MCG double-ton showed ‘I've still got it’ – Cook
The first of England’s two Tests in New Zealand starts on Thursday 22 March, and Alastair Cook is looking back at his 244* in the fourth Ashes Test in Melbourne late last year – the only draw in the series Australia won 4-0 – to gain confidence.
Cook, England’s most prolific scorer in Tests with 12,005 runs from 152 games, aggregated just 83 runs in the first three Tests before the 10-and-a-half-hour effort at the MCG, signalling that he still has the appetite for the sort of scores he is famous for.
“To bat as badly as I did for two months, and then for 10 hours bat as well as I've ever done, is quite strange,” Cook said in Auckland, the venue for the first Test, which will be a day-night contest. “To be able to bat like that, you've got to be doing the right stuff mentally and still be on it.
“It’s an easy story to write when a slightly older player isn't scoring runs: ‘Is he going to give up? Is he thinking about it?’ When you keep piling the effort in and you're not doing very well for two months in a big series, you start doubting yourself.
“But it showed I've still got it. There were some dark moments on that tour when I could have said, ‘I don't need this anymore’, and just jacked it in. But to keep going and then deliver like that proved I've got something.”

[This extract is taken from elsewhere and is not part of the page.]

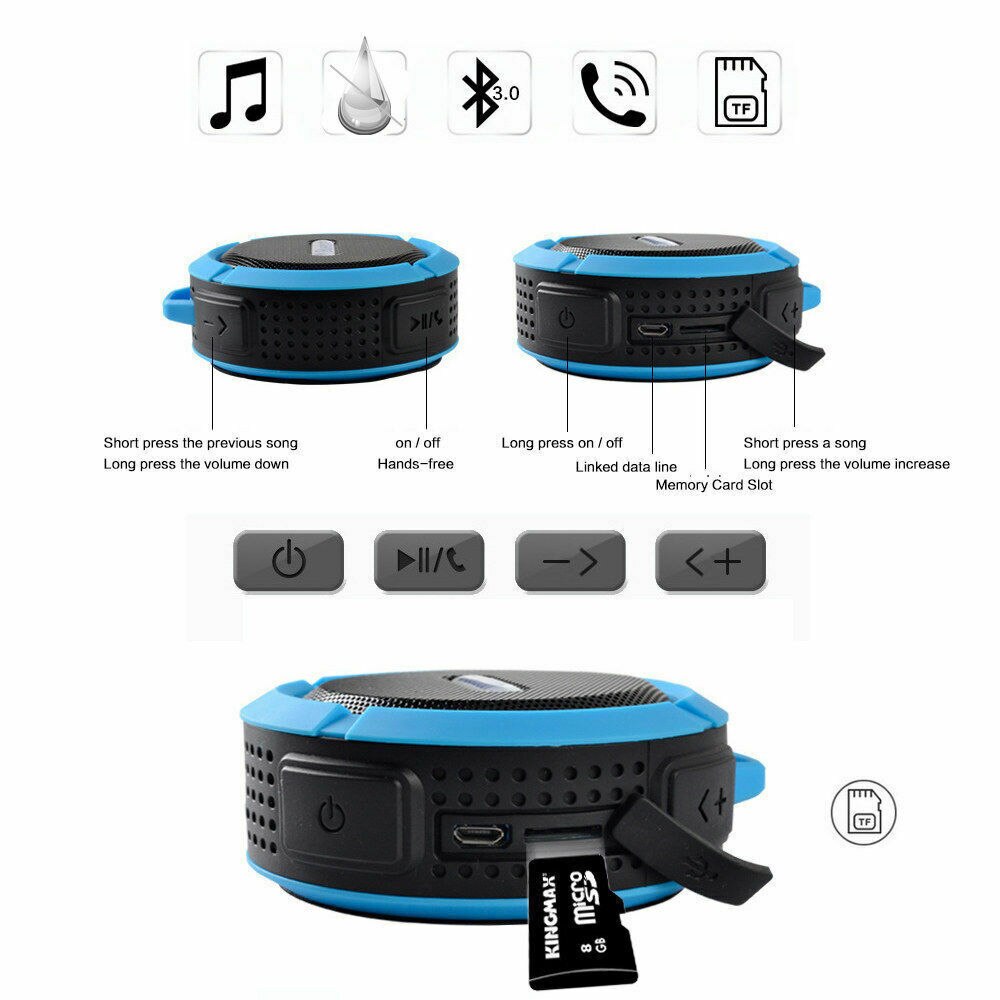 Altavoz inalámbrico de ducha Bluetooth, micrófono portátil manos libres para música, para ducha, baño, coche, bicicleta, Playa y exterior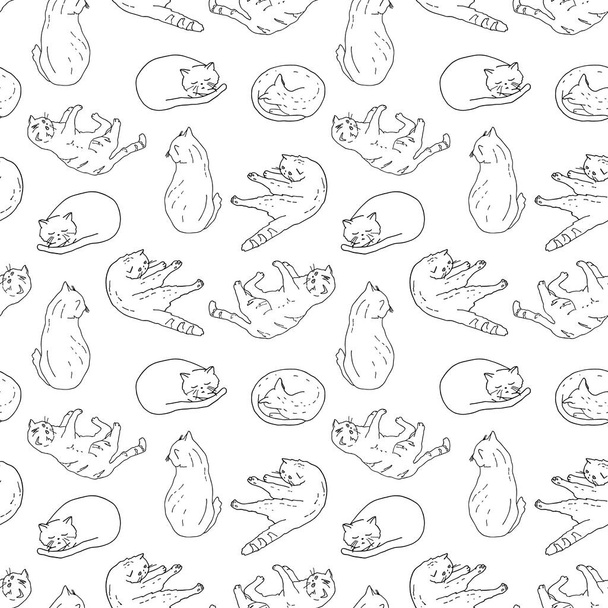 Outline domestic cat in different poses seamless pattern. Cute kittens sitting, playing, sleeping. Hand drawn contour vector illustration on white background for coloring page, pet shop, print, card - Vector, Imagen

England, who have played a lot of limited-overs cricket in Australia and New Zealand since the Ashes, warmed up for the Tests with a four-day game against New Zealand XI, which had two days of pink-ball cricket and then two days of playing with the red ball. England had two full days of batting and bowling, and Cook looked in good touch without scoring too many runs.
The former captain feels that though the selectors didn’t change things much after the Ashes reversal, the stability is good from England’s point of view going forward.
“The selectors have picked pretty much the same squad of players,” he pointed out. “It's given the guys an opportunity who have experienced the Ashes and did okay – it may sound funny, but if you marked a series that we lost 4-0, a lot of people did okay – the chance to make the jump to become fully fledged international players or someone else gets another opportunity.
“The next two weeks, like every series you play, could define people's futures.”